Oyo, the high-profile affordable housing startup that applied for an initial public offering last year, is considering cutting its fundraising goal in half or even suspending its debut, according to people. who are familiar with the matter.
Faced with headwinds including crashing stock markets, Oyo Oravel operator Stays Ltd. could trim its Indian IPO from the nearly $ 1 billion initially sought to halve it, people said, declining to be identified to discuss. internal matters. It is also considering halving its projected valuation from the $ 12 billion originally planned, they said. Oyo may even decide to suspend its IPO plans, people said.
The resolutions underscore investors’ reluctance to buy IPOs during a period of extraordinary market turmoil.

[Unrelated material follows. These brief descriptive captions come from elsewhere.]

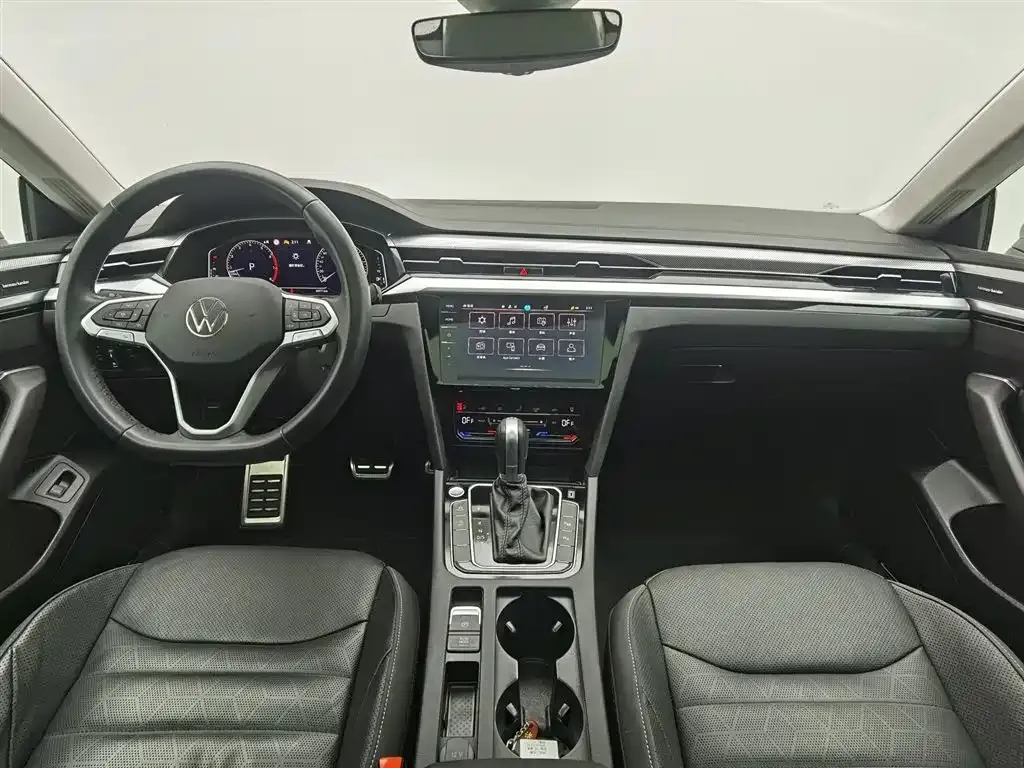 Volkswagen CC 2023 из CN, фото 10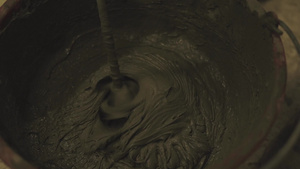 将泥浆和搅拌机混合在桶中16秒视频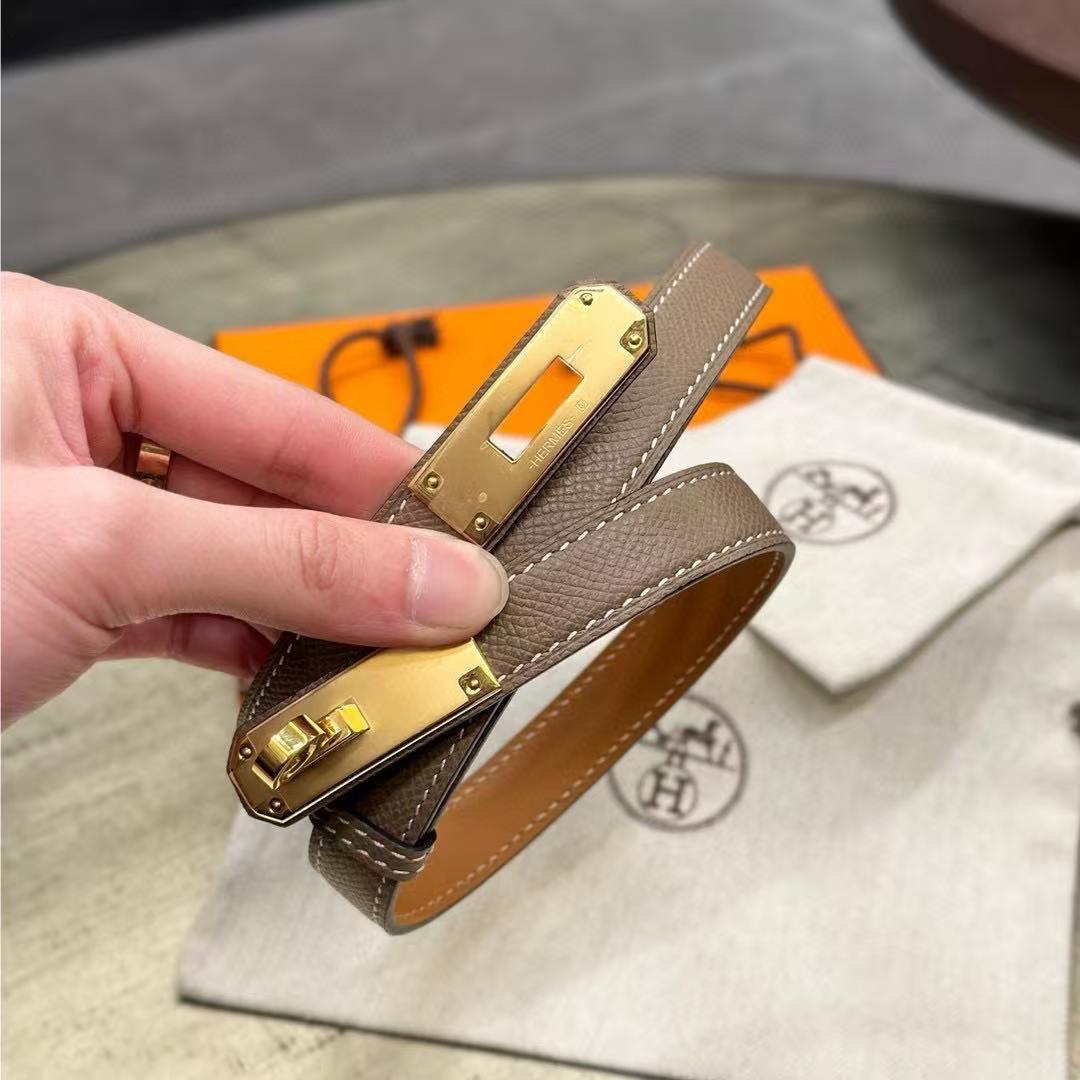 Hermes Kelly 18 Belt Epsom Calfskin Kelly Buckle Permabrass Yellow Gold Étoupe H069853CC18 - Image 13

The Airbnb Inc.-backed startup had already considered lowering its target valuation to $ 9 billion earlier this year after Paytm’s disastrous debut, but that was before the conflict in Ukraine and inflationary concerns sparked a global technology selloff.
Oyo, backed by investors including SoftBank Group Corp and Sequoia, filed a preliminary application in September aiming for an IPO in early 2022. Almost six months later, the initial documents, known as the draft red herring prospectus. , have yet to get the green light from Indian stock market regulator.
Read more: IPO Mania gains control of reality in India after a series of flops
None of the deliberations surrounding Oyo’s IPO went far enough to lead to formal discussions or board-level approval, people said. Oyo representatives did not immediately respond to a request for comment.
Oyo’s hesitation is emblematic of a cooling in the unicorn minting technology industry in India, where nearly 50 startups secured venture funding with valuations of $ 1 billion or more in 2021 alone. signs of slower fundraising and falling valuations as investors have second thoughts.
The most palpable slowdown was in the IPO arena, after the crash in stock prices dampened investor enthusiasm.
SoftBank, Oyo’s largest lender and one of the most prolific dealmakers in Indian startups, is now taking a more cautious approach with its investments there. The Japanese firm, which has been bullish throughout the past year, withheld funding for at least two startups after distributing term sheets, or agreements that spell out the terms and conditions of an investment, according to a person familiar with the investment. question.
The two startups operated in the e-commerce and software-as-a-service segment, where valuations have dropped dramatically.
If Oyo decides to drastically change its IPO terms, it will have to file a new DRHP, one of the people said.
Many other startups that have received approval for their IPOs have chosen not to proceed. Delhivery Ltd.’s nearly $ 1 billion IPO did not move forward, and neither did API Holdings, which runs the online pharmacy Pharmeasy. Delhi very and API received regulatory approval in January and February respectively.